Fly-half Jaco van der Westhuyzen collected the man of the match award after providing 14 of the Springboks' points with three coolly executed drop goals and a late try.
It was also an encouraging afternoon for the generation of players South Africa will count on at the 2007 World Cup.
"It's good to be on the winning side and hopefully we showed the critics back home," said van der Westhuyzen.
"It was great to score that late try - it was all the frustration coming out."
Bryan Habana, a try-scoring substitute in last week's defeat by England, marked his first international start with a pair of breakaway tries in the first half and Solly Tyibilika marked his first appearance in a Springbok shirt with a try and a composed all-round performance at flanker.
Winger Jaque Fourie was the South Africans' other try scorer on an afternoon that will have eased some of the pressure on coach Jake White following back-to-back defeats by Ireland and England.
South Africa's start could scarcely have been less auspicious, Percy Montgomery pulling a straight-in-front penalty wide of the posts in the 2nd minute.
But it only took a further quarter of an hour for White's experimental side to shatter the fragile confidence of their hosts and open up a commanding lead.
Fourie claimed first blood with an acrobatic touchdown in the right-hand corner after van der Westhuyzen had darted through the Scots midfield and off-loaded to scrum-half Fourie du Preez.

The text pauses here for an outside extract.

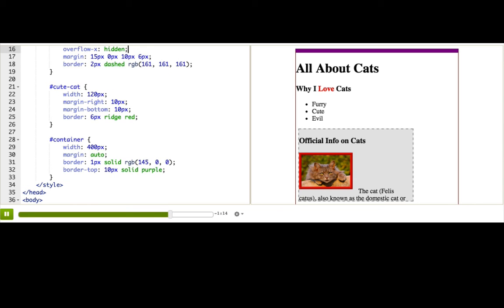Now with all these borders, something is bothering me a little. Actually, something's bothering me a lot. See how the text is butting up next to the border in the container? And butting against the text in the official info? That's so gross looking, and it makes it harder to read the text. That is where padding comes in. Whenever your elements have background colors or borders, you almost always want to add padding to put a bit of space between the contents and the edges.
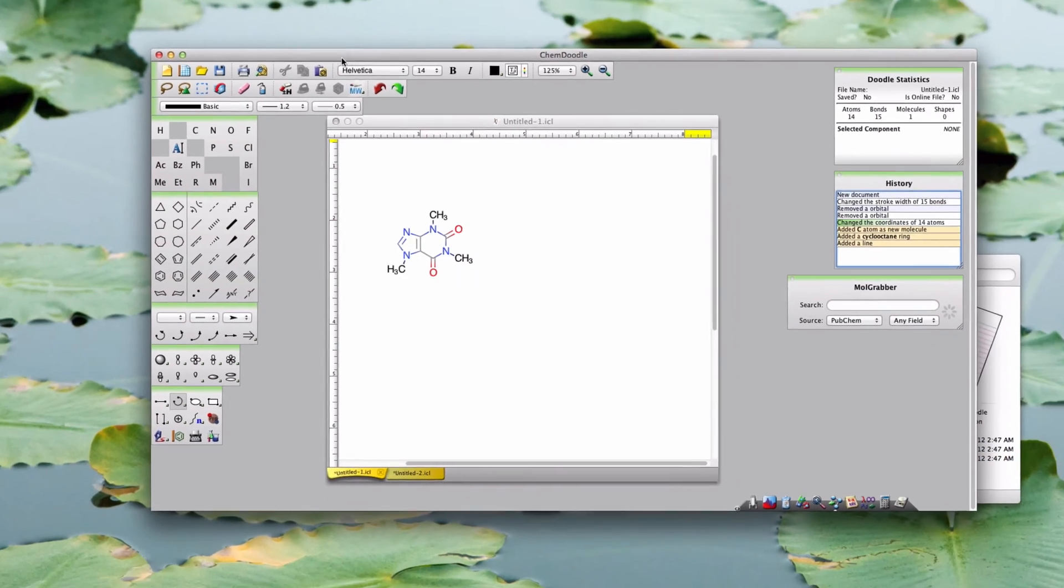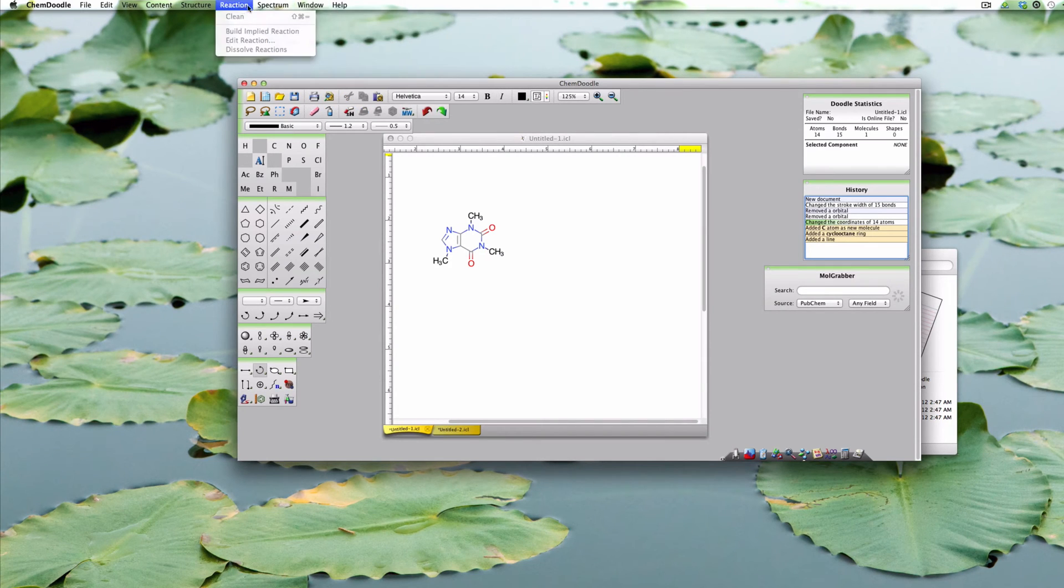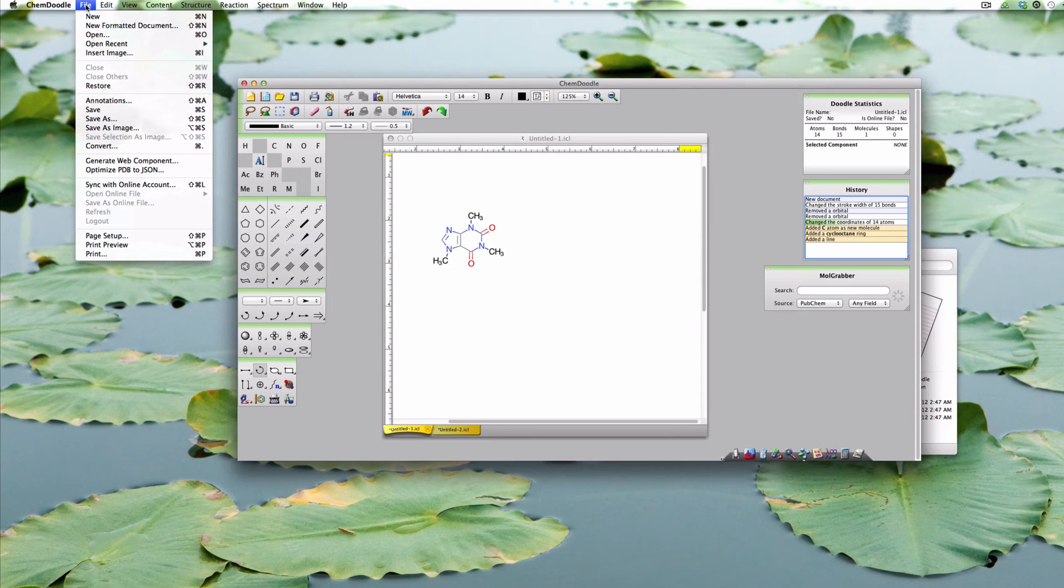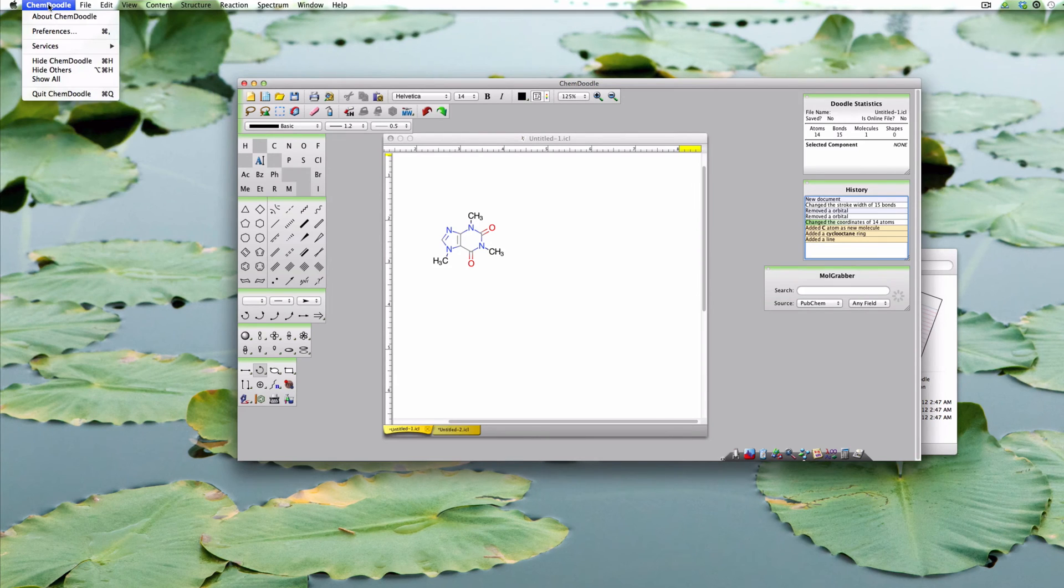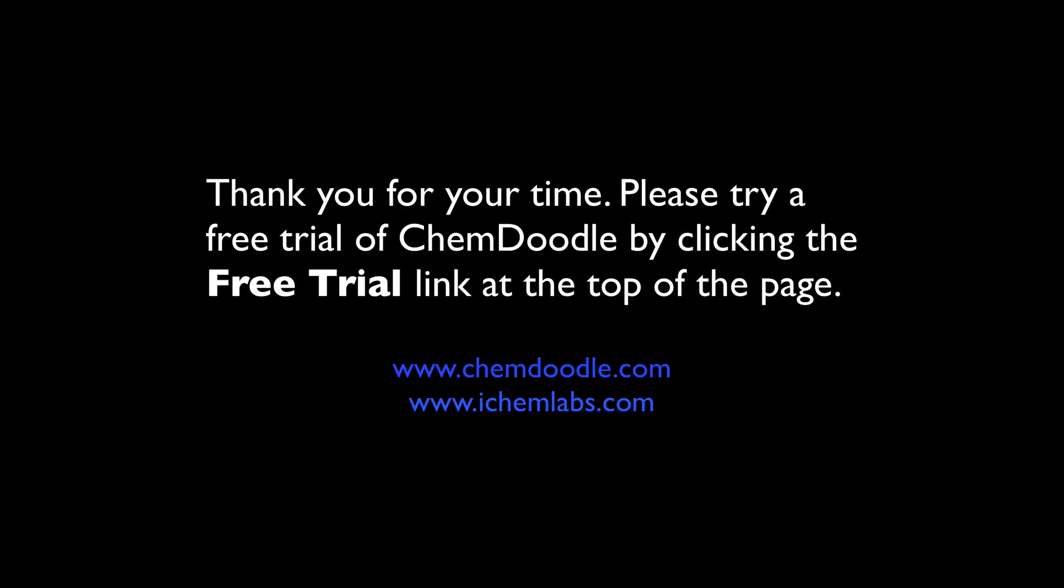On a Mac, you need to go outside of the workspace to find the menus. However, if you're working in Windows or Linux, the menu will appear at the top bar of the ChemDoodle interface.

Tyibilika then dived over from a ruck after South Africa had stolen a lineout five yards from the Scots line.
The Springboks had their tails up and a phase of exhilarating running rugby should have have culminated in a third try when du Preez failed to gather Tyibilika's pass inside when he was within two strides of the line.

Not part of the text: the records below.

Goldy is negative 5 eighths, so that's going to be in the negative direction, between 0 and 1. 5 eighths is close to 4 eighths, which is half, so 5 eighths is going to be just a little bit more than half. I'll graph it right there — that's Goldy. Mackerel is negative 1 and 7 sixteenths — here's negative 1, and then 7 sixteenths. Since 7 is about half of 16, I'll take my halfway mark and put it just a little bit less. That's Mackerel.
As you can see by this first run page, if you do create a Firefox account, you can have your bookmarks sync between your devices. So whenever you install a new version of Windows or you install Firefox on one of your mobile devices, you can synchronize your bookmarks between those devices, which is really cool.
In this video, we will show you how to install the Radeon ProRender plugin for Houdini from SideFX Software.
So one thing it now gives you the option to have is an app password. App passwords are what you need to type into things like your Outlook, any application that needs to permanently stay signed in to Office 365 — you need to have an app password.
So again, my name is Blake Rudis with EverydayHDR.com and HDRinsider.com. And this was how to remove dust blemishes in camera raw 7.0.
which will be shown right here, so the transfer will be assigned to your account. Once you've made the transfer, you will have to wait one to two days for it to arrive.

Van der Westhuyzen's first drop stretched the lead to 15-0 before Scotland finally got some points on the board through Chris Paterson's 24th minute penalty.

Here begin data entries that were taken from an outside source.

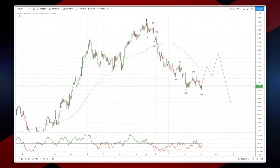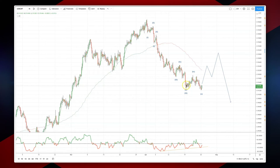We've got what looks like a nice impulsive decline here that's subdivided. We have the wave three low which subdivided into a nice five-wave pattern.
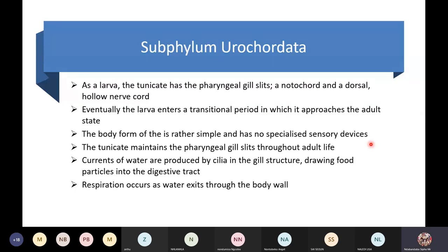Respiration occurs as water exits through the body. Water has oxygen, so as the water comes in and out of the body walls, the animal also respires.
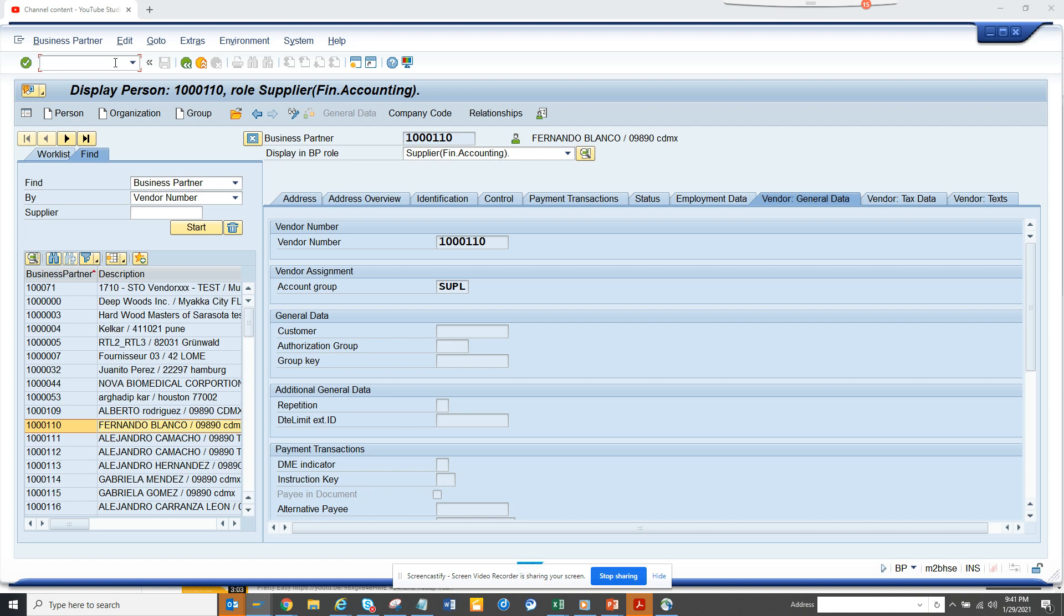Hi friends, today we are going to talk about the different function modules that are getting called in the Business Partner transaction code for certain things and how you can get those things without debugging.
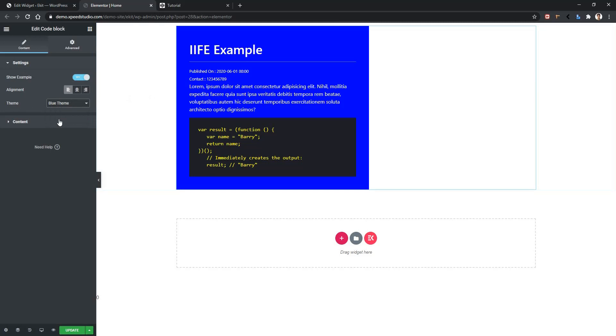This was an example of how you can use select control. You can apply it in many different projects in many different ways. Thank you for watching this video.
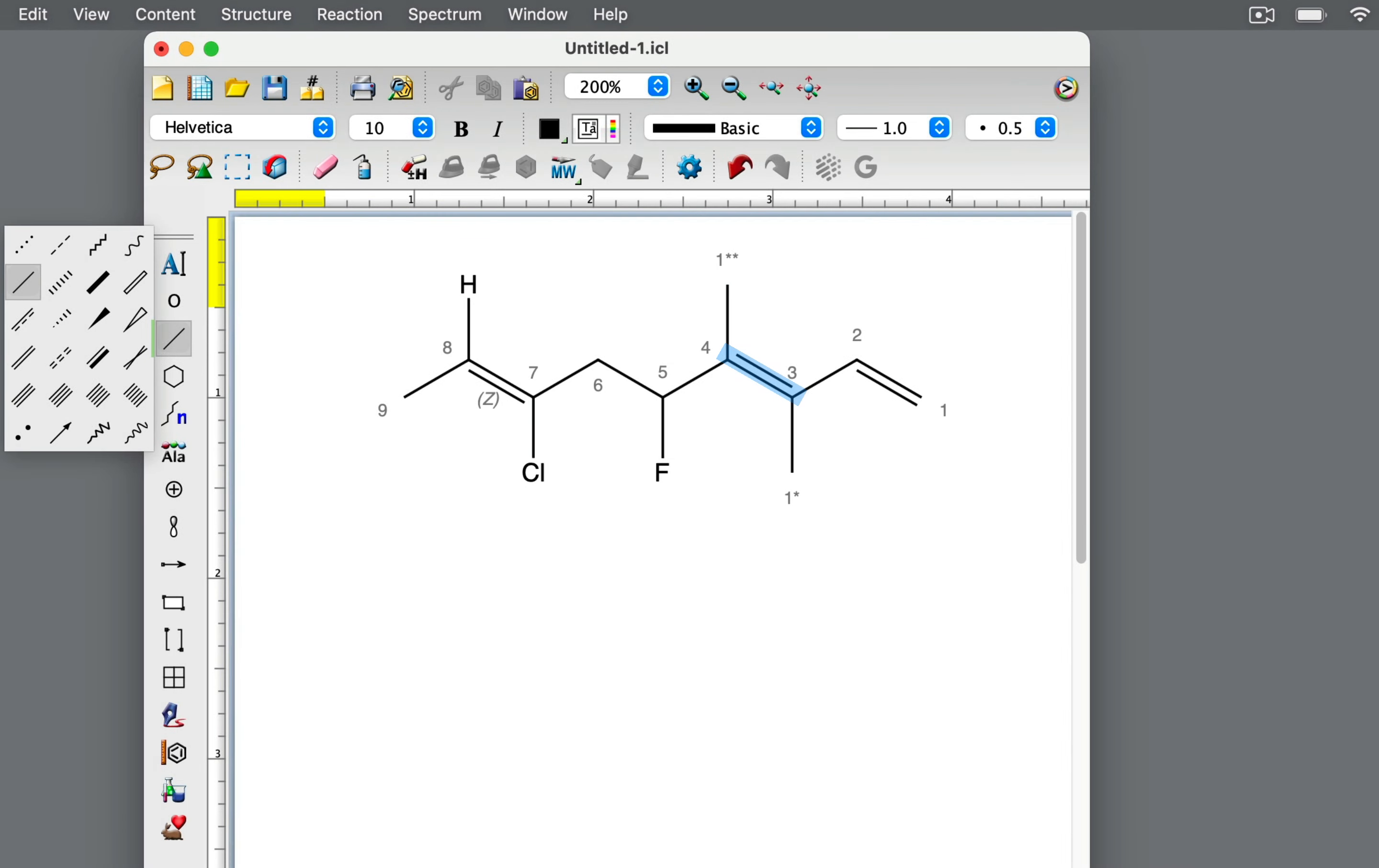Next, let's look at the double bond between carbons 3 and 4. Carbon 4 is bonded to a carbon atom in the methyl group and another carbon atom in the carbon backbone. When comparing the atomic numbers of carbon and carbon, there's a tie. It's the same. So we continue on to find the first point of difference.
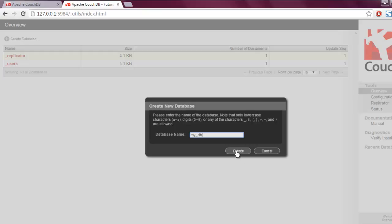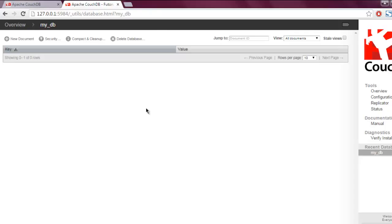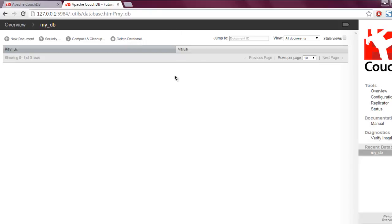This creates my_db's dashboard page. Here you're given the option to create new documents under which we can add our data. We can set the security for our database, then we can compact that database and clean it up. We can also delete that database. Once we have our database ready, the next step is to create a document and I will cover that part in the next video.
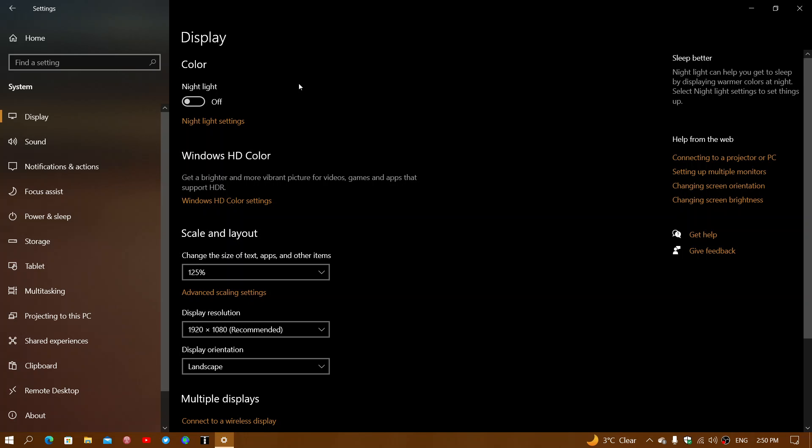That's the display color and nightlight feature in the Windows 10 operating system. If you enjoy my videos, please subscribe and give us a thumbs up. Thank you for watching.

The South Africans responded immediately with van der Westhuyzen's sweetly struck drop from five yards into the Scots half.
Scotland's cause was not helped by the injury which forced scrumhalf Chris Cusiter off after only 12 minutes but they could have no excuses for the two slack passes that allowed Habana to score his two tries.
The first came from full-back Hugo Southwell, whose attempt to find Cusiter's replacement, Mike Blair, was easily read by Habana, who raced clear to touch down under the posts.
At 25-3 there appeared to be no way back for the Scots, but they were handed a golden opportunity to make a fight of it when Springbok forwards Bakkies Botha and Victor Matfield were sin-binned four minutes before the interval.
Their absence left the South Africans with little option but to collapse a scrum under the posts and Scotland were awarded a penalty try that Paterson converted.
The Scots then self-destructed once more, Blair emulating Southwell's blunder with a slack pass on the South African 20-meter line. Habana gathered above his head and sprinted over 80 yards to score.
A 46th minute penalty from Montgomery and van der Westhuyzen's third drop of the afternoon, on the hour mark, stretched the lead to 38-10 before the Springbok fly-half rounded off his afternoon in fitting fashion, running on to Gaffie Du Toit's pass to touch down under the posts.
Argentina next weekend will provide a tougher test but the Tri-Nations champions will head back to the southern hemisphere in good spirits.